*What to produce*. Up to and including the line that contains "51 Observatory Drive, REEDY", repeat the entries below exactly from the first line on. Do not carry over any pictures.

*Material to process*.
○ ○ ○ ○

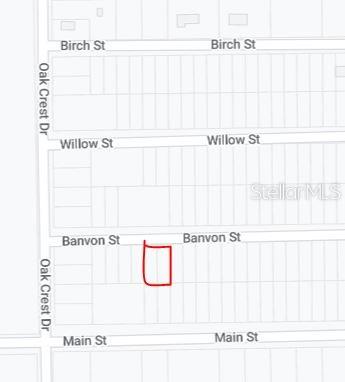 00 Banvon St Property Photo 3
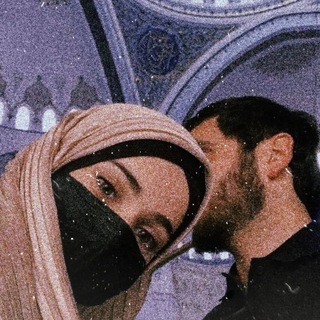 💜💖JANNATGA OSHIQ QALB💜💖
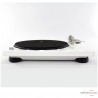 Platine vinyle Denon DP-400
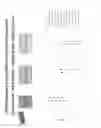 Fig. 186 - Methods for isolating microvesicles and extracting nucleic acids from biological samples
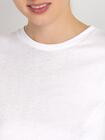 T-shirt  BASIC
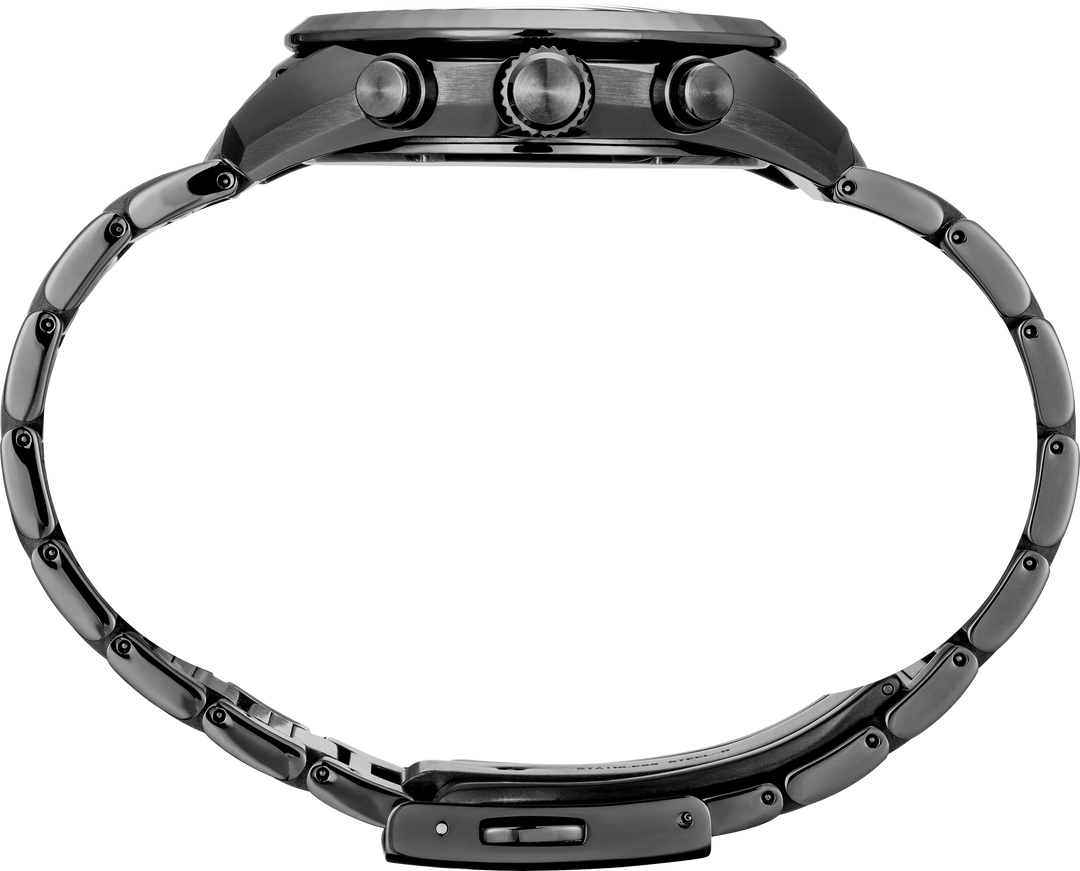 astron ssh023
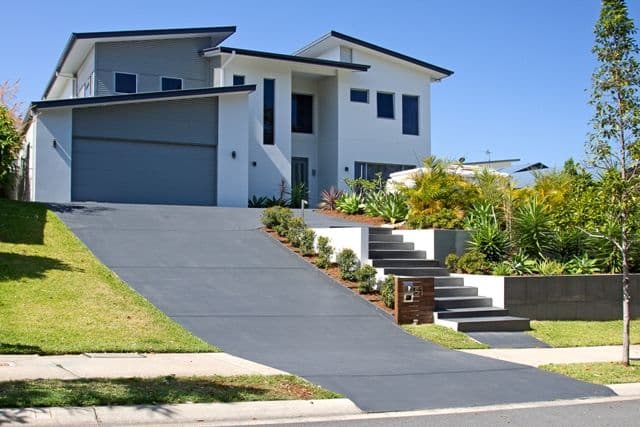 51 Observatory Drive, REEDY CREEK QLD 4227, Reedy Creek - Image 1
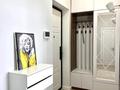 1-комнатная квартира · 40 м² · 7/9 этаж, мкр Нурсая, Абылхаир хана 69 — Hyundai за 18 000 ₸ в Атырау — фото 14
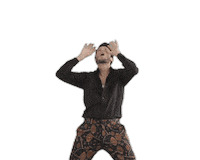 si yes Sticker by Sebastián Yatra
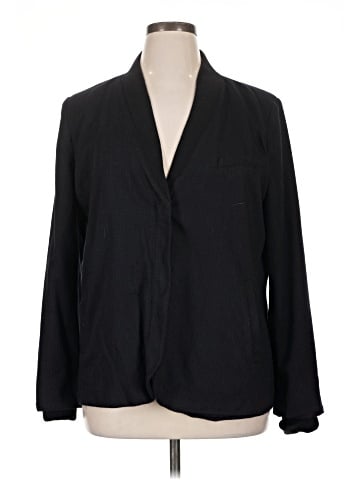 Treasure & Bond Blazer (view 1)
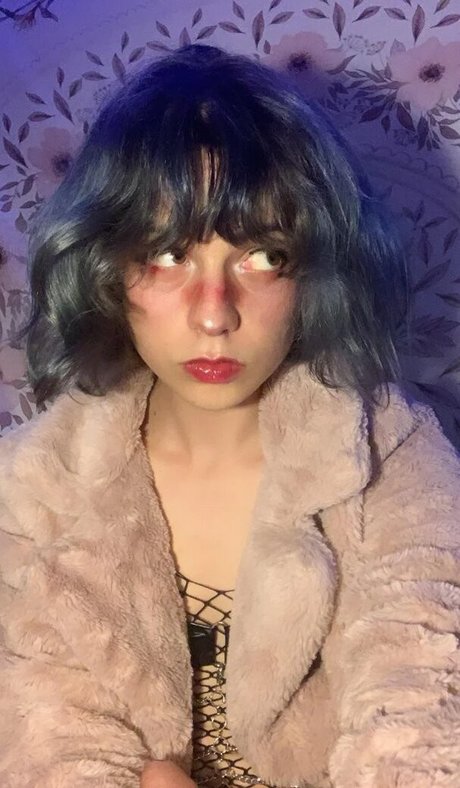 tennis onlyfans adult pictures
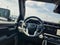 2026 GMC Sierra 2500 HD Crew Cab Standard Box 4-Wheel Drive Denali
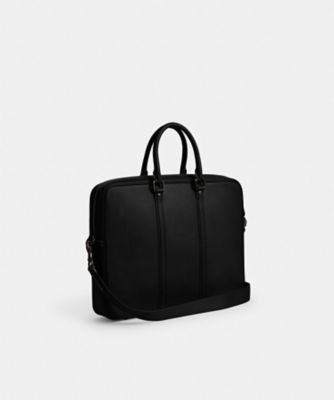メトロポリタン ワークバッグ | COACH/コーチ | 三越伊勢丹オンライン 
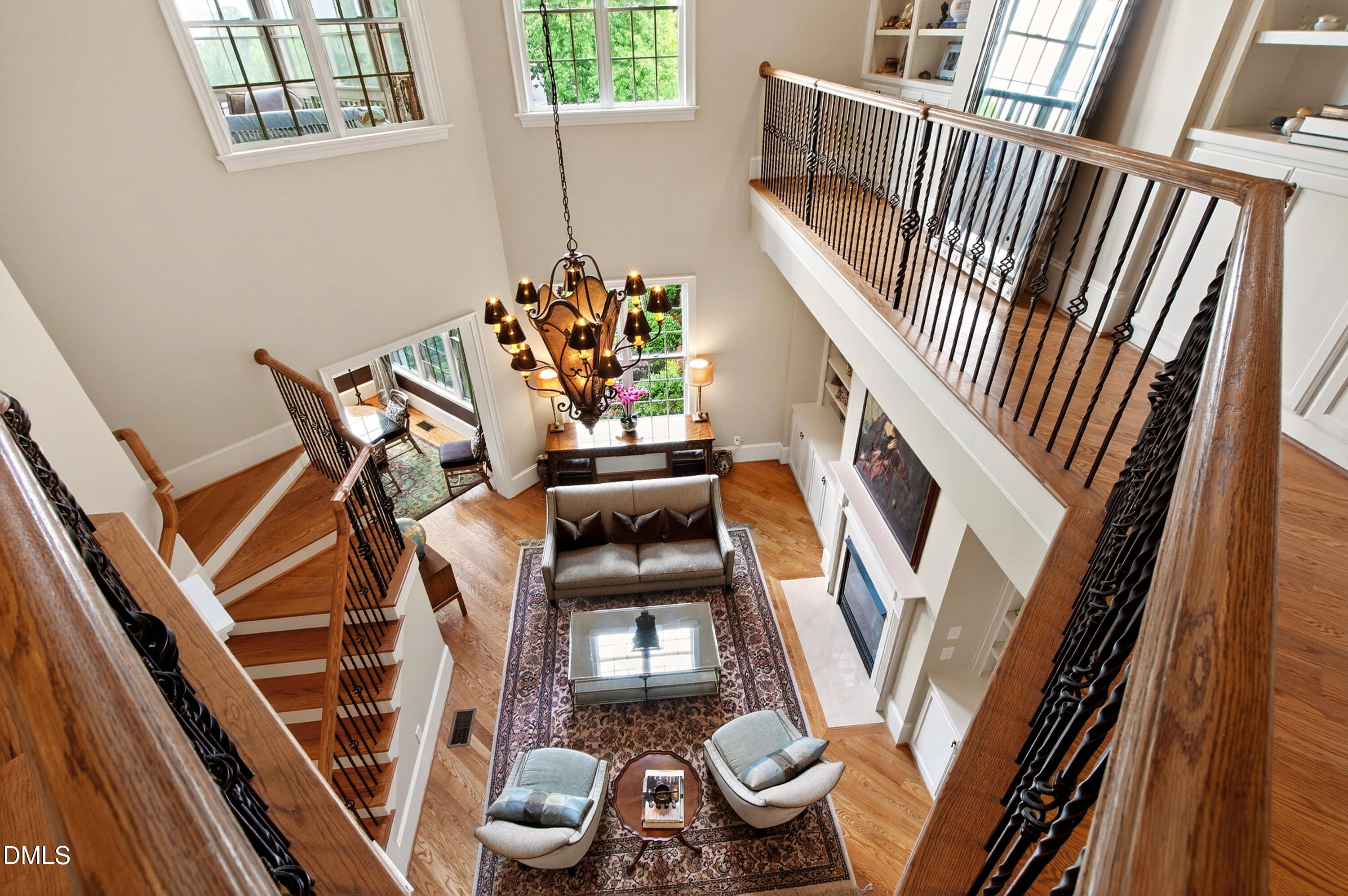 319 Circle Park Place
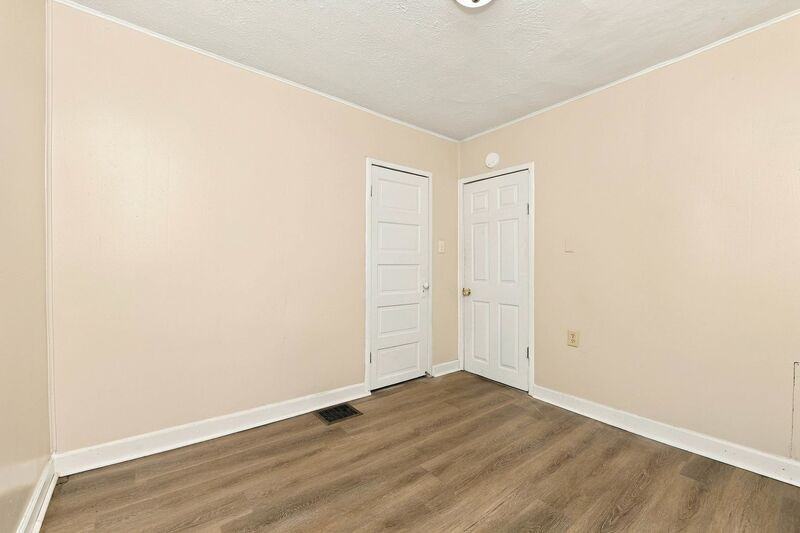 941 Westwood Ave - Photo 7 of 9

○ ○ ○ ○

*Task response*.
 00 Banvon St Property Photo 3
 💜💖JANNATGA OSHIQ QALB💜💖
 Platine vinyle Denon DP-400
 Fig. 186 - Methods for isolating microvesicles and extracting nucleic acids from biological samples
 T-shirt  BASIC
 astron ssh023
 51 Observatory Drive, REEDY CREEK QLD 4227, Reedy Creek - Image 1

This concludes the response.